Formulas \begin{equation} d = \frac{|\ve{n} \cdot \ve{r} - a|}{|\ve{n}|} \label{plane_distance} \end{equation} and \begin{equation} d = \frac{|\ve{b} \times (\ve{r} - \ve{a})|}{|\ve{b}|} \label{line_distance} \end{equation} are useful in calculating the shortest distance between a point and a line or a plane in 3D space, but the uses of dot and cross products seem random and unable to be generalized into higher dimensions. This article discusses an interpretation of the two formulas, and hence provides a generalization. It also acts as an introduction to exterior product, which, the author believes, is the very idea behind these formulas.
There is something interesting about \eqref{plane_distance} where \(\ve{r}\) is the the position vector of a point, \(\ve{n} \cdot \ve{r} = a\) is the equation of a plane, and \(d\) is the shortest distance between them. Note that the dot product \(\ve{n} \cdot \ve{r}\) appears in both the plane equation and the distance formula. A simple way to think of this is that when a point is on the plane, the distance between the point and the plane must be zero, that is to say \[ \ve{n} \cdot \ve{r} - a = 0, \] which is equivalent to our plane equation.

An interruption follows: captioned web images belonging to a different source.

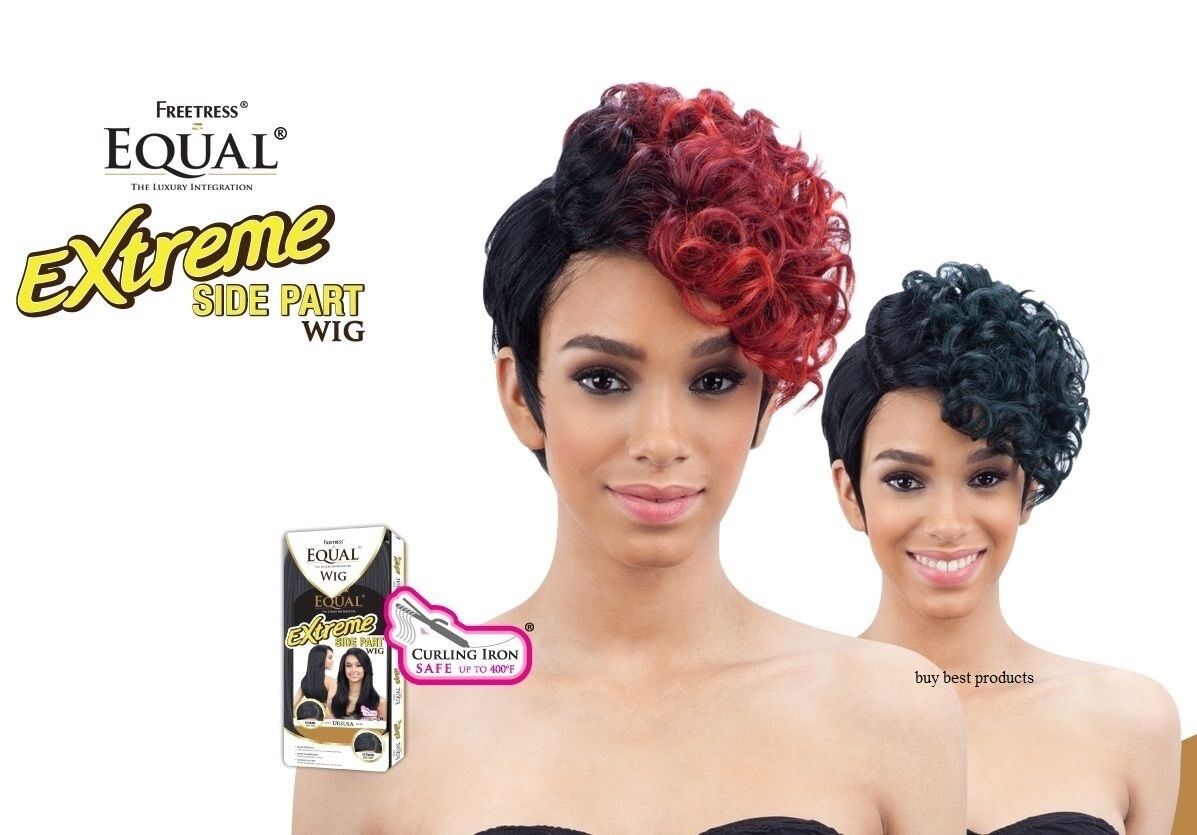 Freetress Equal Synthetic Curly Extreme Side Part HAIR Wig - VINCE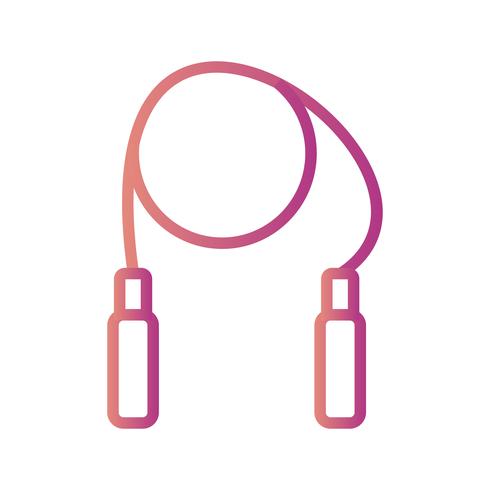 Jumping Rope Icon Vector Illustration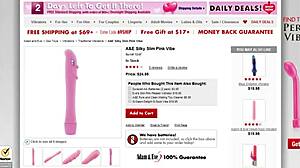 Silky Slim Pink Vibe: Sleek G-Spot Toy for $12.50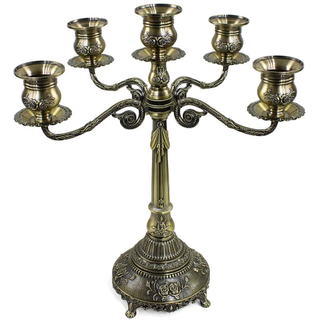 16" Antique Bronze Candelabra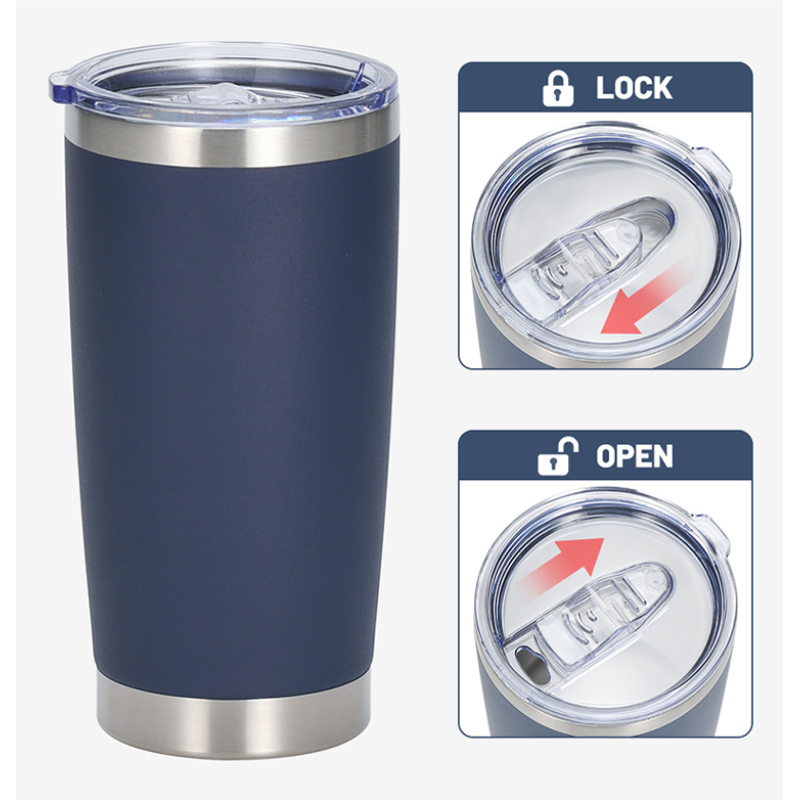 Wholesale 20oz 30oz Double Wall Stainless Steel Tumbler with Custom Logo Insulated Coffee Mug for Back to School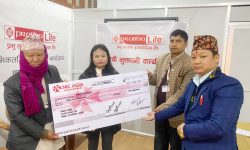 प्रभु लाइफ इन्स्योरेन्सद्धारा बीमित परिवारलाई दाबी भुक्तानी
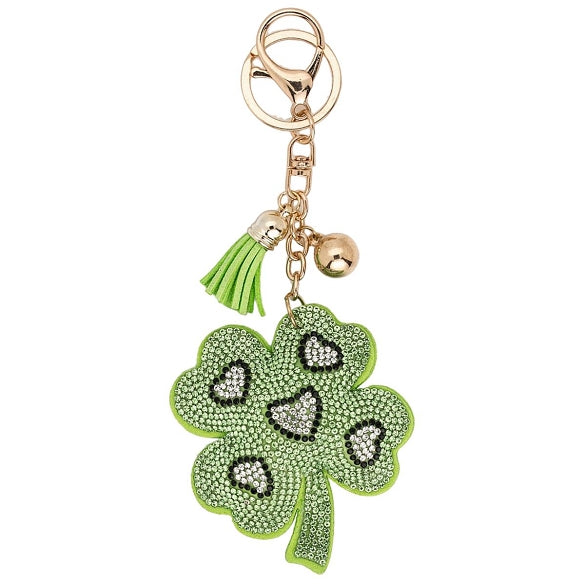 Seasonal Bling Bag Charm with Keychain, Fashion Accessory for Keys, Purse, Backpack decor keychain bag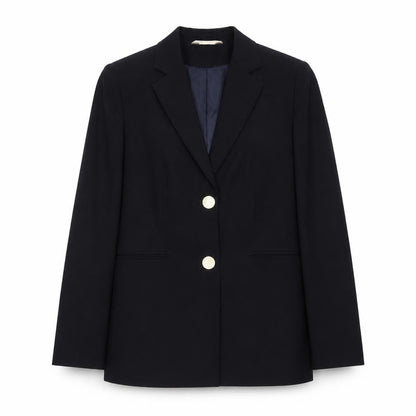 For Women Womens Blue Polyester Jacket Suit Jacket Size 10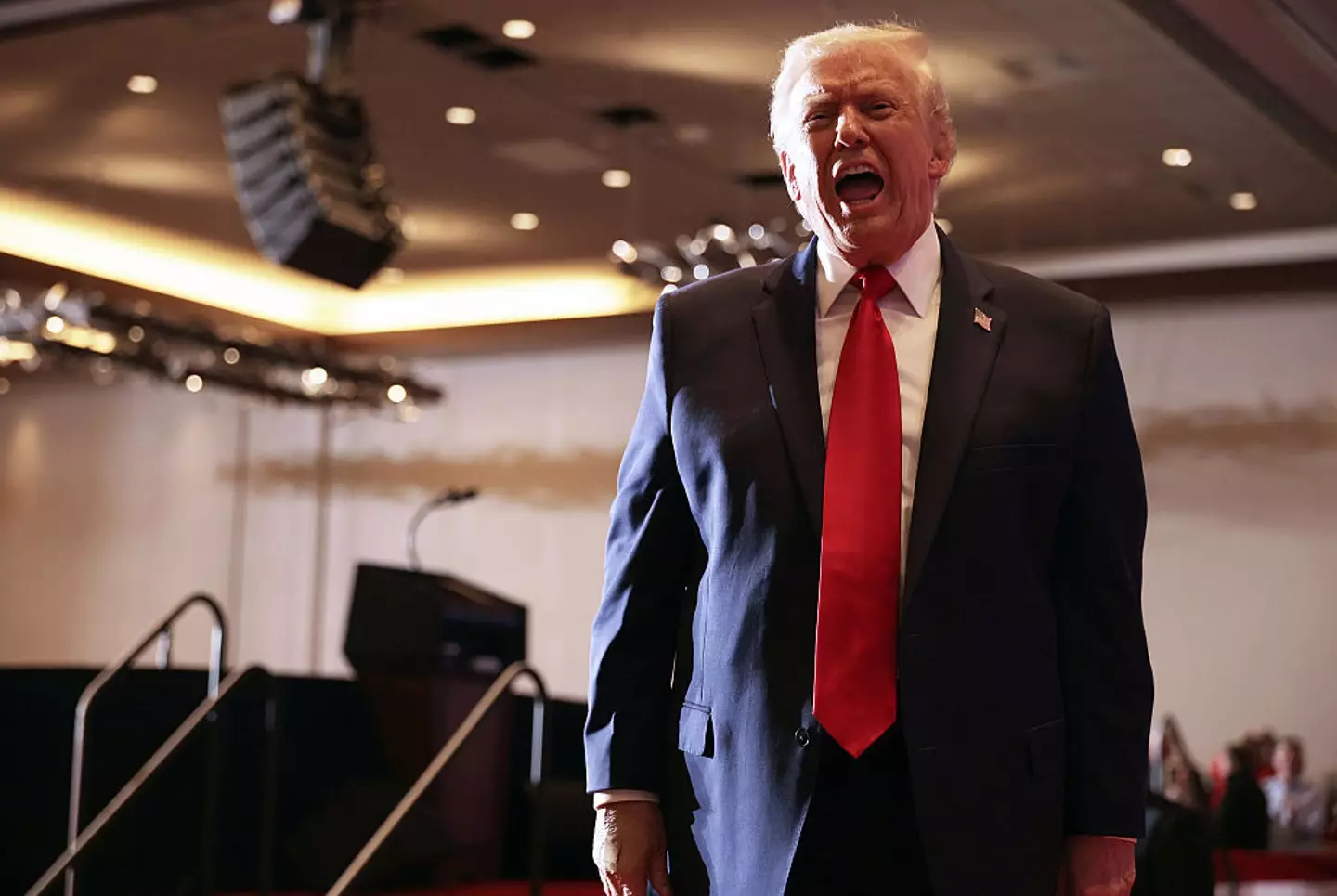 Donald Trump has been firing back at reporters recently (Alex Wong/Getty Images)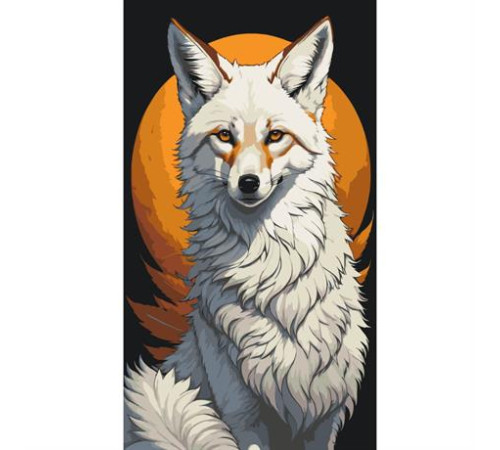 Картина за номерами ArtCraft Полярний лис 40х80 см (11545-AC) Картина за номерами ArtCraft Полярний лис 40х80 см (11545-AC)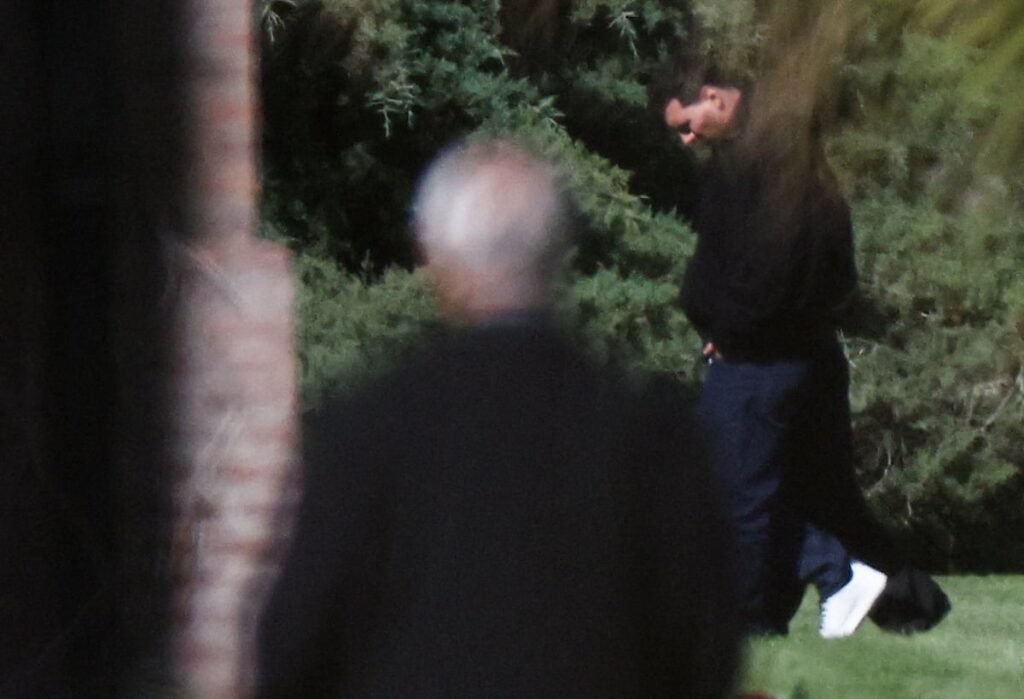 Lionel Messi durante la despedida de su padre, Jorge Messi, en Rosario.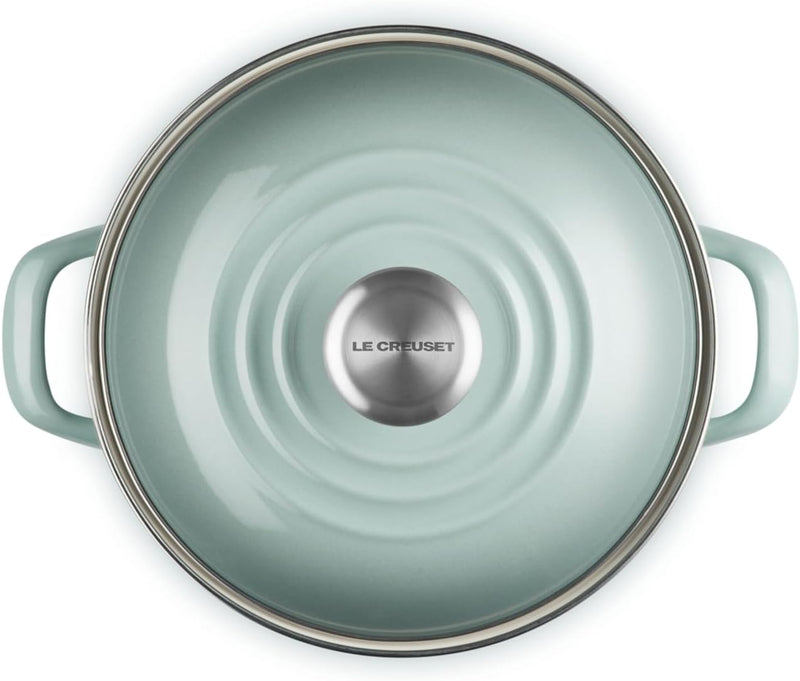 Le Creuset 6 Qt. Traditional Stockpot w/SS Knob - Sea Salt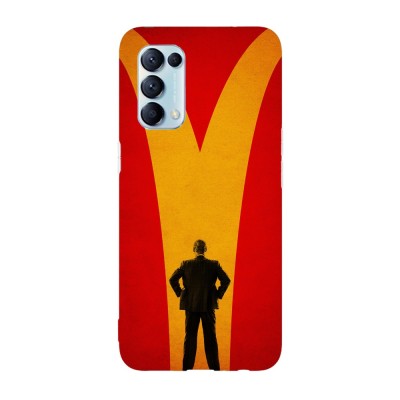 Husa compatibila cu Oppo A74 model McDonald, Silicon, TPU, Viceversa foto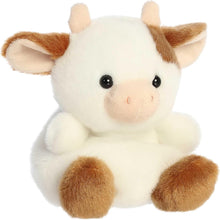 Load image into Gallery viewer, Aurora Adorable Palm Pals Plush - Caroline Brown Cow, 5"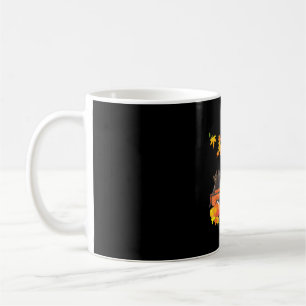 Mug Funky Black Cats Camion Automne Citrouille Maple L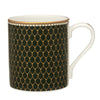 Halcyon Days Antler Trellis Dark Green Mug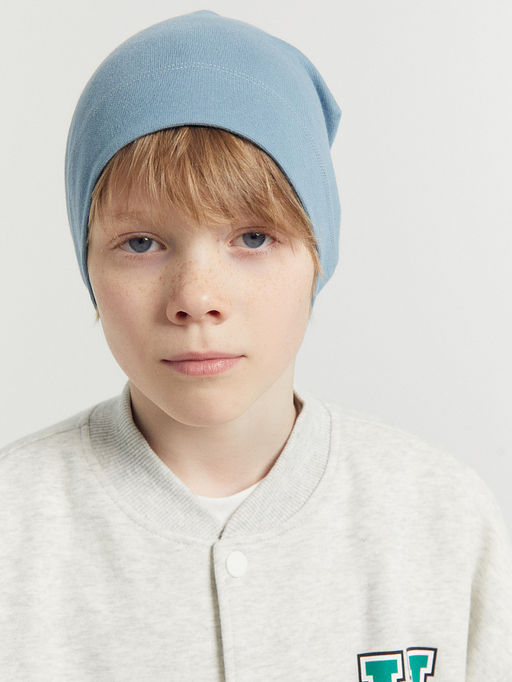 Шапка детская в серо-голубом цвете - Mark formelle фото 2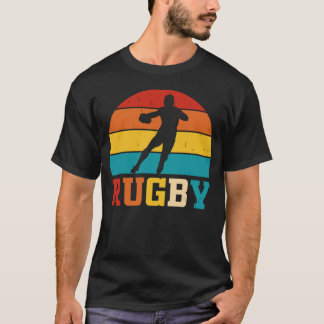 T-shirt Rugby Sport Lover - Joueur de rugby Coach Retro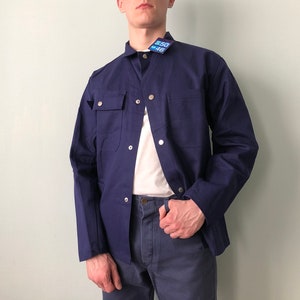 French Work Jacket / Bleu de travail / French Workwear / French Chore Coat / Swiss Work Jacket / Size M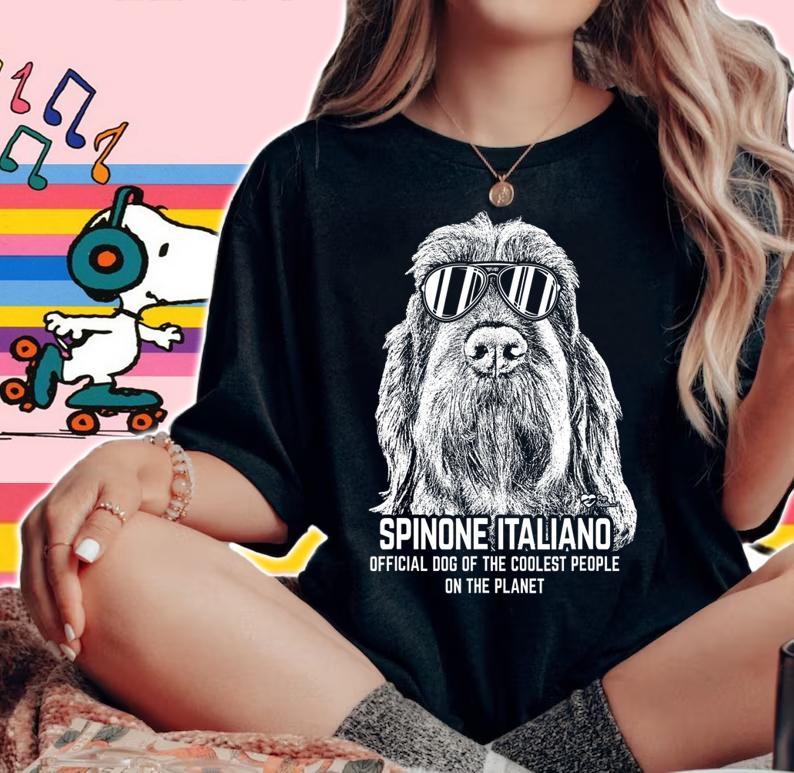 Italian Spinone Official Dog of the Coolest People t-shirt woman shirt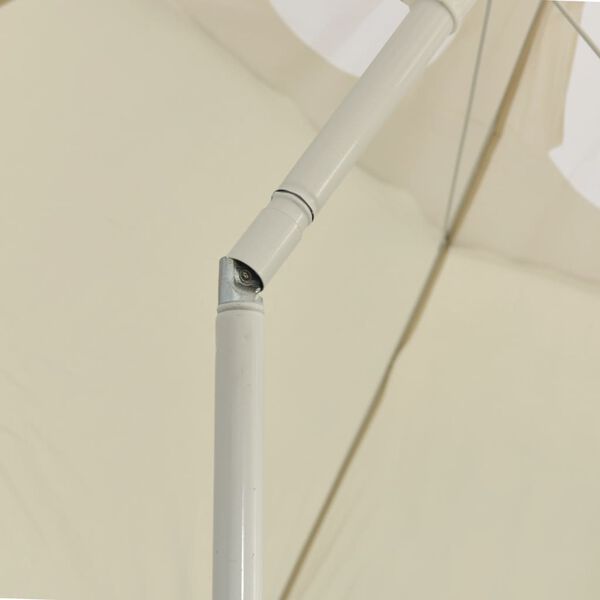 vidaXL Strandparasoll sandgul 300 cm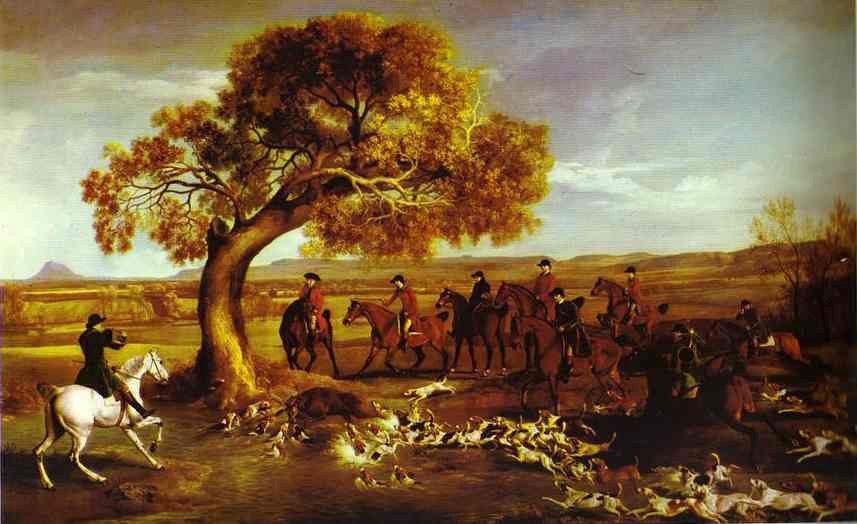 George Stubbs The Grosvenor Hunt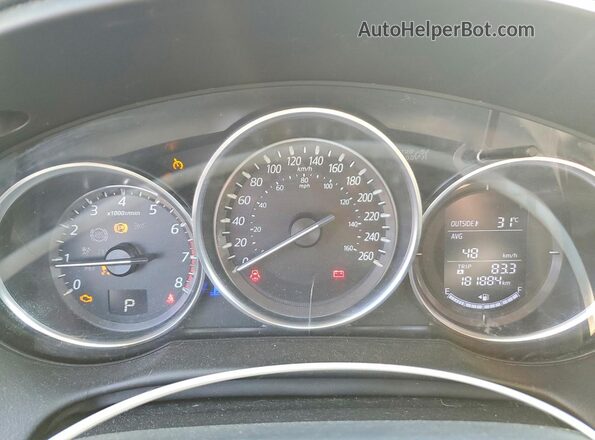 JM3KE4BE8G0608148 2016 MAZDA CX-5 Silver ხელსაწყოთა პანელის ხედი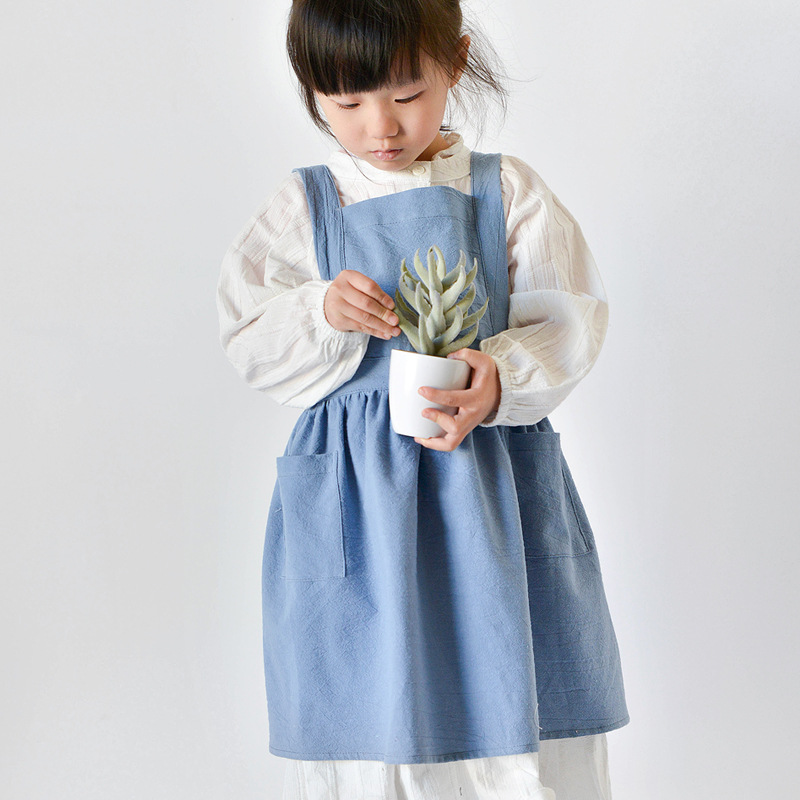 Kids Cotton Apron Dress Parent - Baking Kitchen For Kids ulasan dan harga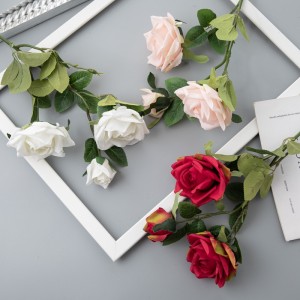 MW69504 Artificial Flower Rose အရောင်းရဆုံး မင်္ဂလာပွဲအလှဆင်ခြင်း။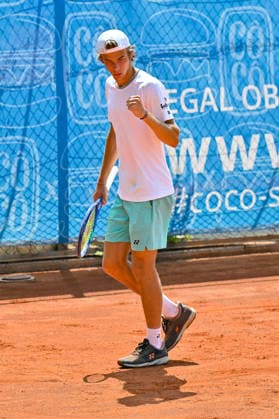 Men s Tennis 1st Bundesliga: TC Augsburg Siebentisch vs. TK GW Mannheim, July 31, 2026, AUGSBURG, GERMANY, July 31. Pictured: Niels McDONALD of TC GW Mannheim during the Men’s 1st Bundesliga match between TC Augsburg and TK GW Mannheim on Matchday 6. Copyright: xBEAUTIFULxSPORTS Goldbergx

Now let's consider the case of a point and a line. With the position vector of a point being \(\ve{r}\), and the equation of a line being \(\ve{r} = \ve{a} + \lambda \ve{b}\), the distance is given by \eqref{line_distance}, which means, following the same idea as above, the line must have another equation \begin{equation} \ve{b} \times \ve{r} = \ve{b} \times \ve{a}. \label{line_eq} \end{equation} In fact, if we have a vector equation of a plane, just like a vector equation of a line, \[ \ve{r} = \ve{a} + \lambda \ve{b} + \mu \ve{c}, \] the cartesian equation that corresponds to it would be \begin{equation} (\ve{b} \times \ve{c}) \cdot \ve{r} = (\ve{b} \times \ve{c}) \cdot \ve{a}, \label{plane_eq} \end{equation} which might suggest a different way of understanding the equations.
Firstly, the expression \((\ve{b} \times \ve{c}) \cdot \ve{a}\) is the same thing as the determinant of the matrix with \(\ve{b}\), \(\ve{c}\), and \(\ve{a}\) being its column vectors. This will become obvious later, but you can readily prove this algebraically. Also, a determinant is not only an enlargement factor, but also the signed volume of the parallelepiped (i.e. the 3D version of a parallelogram) formed by the column vectors. This is like the core idea behind determinants. With that said, \eqref{plane_eq} is effectively saying that the volume formed by vectors \(\ve{b}\), \(\ve{c}\), and \(\ve{r}\) equals the volume formed by vectors \(\ve{b}\), \(\ve{c}\), and \(\ve{a}\). For the two volumes to be equal, vector \(\ve{r}\) must have the same height \(h\) as vector \(\ve{a}\), relative to the shared base formed by vectors \(\ve{b}\) and \(\ve{c}\).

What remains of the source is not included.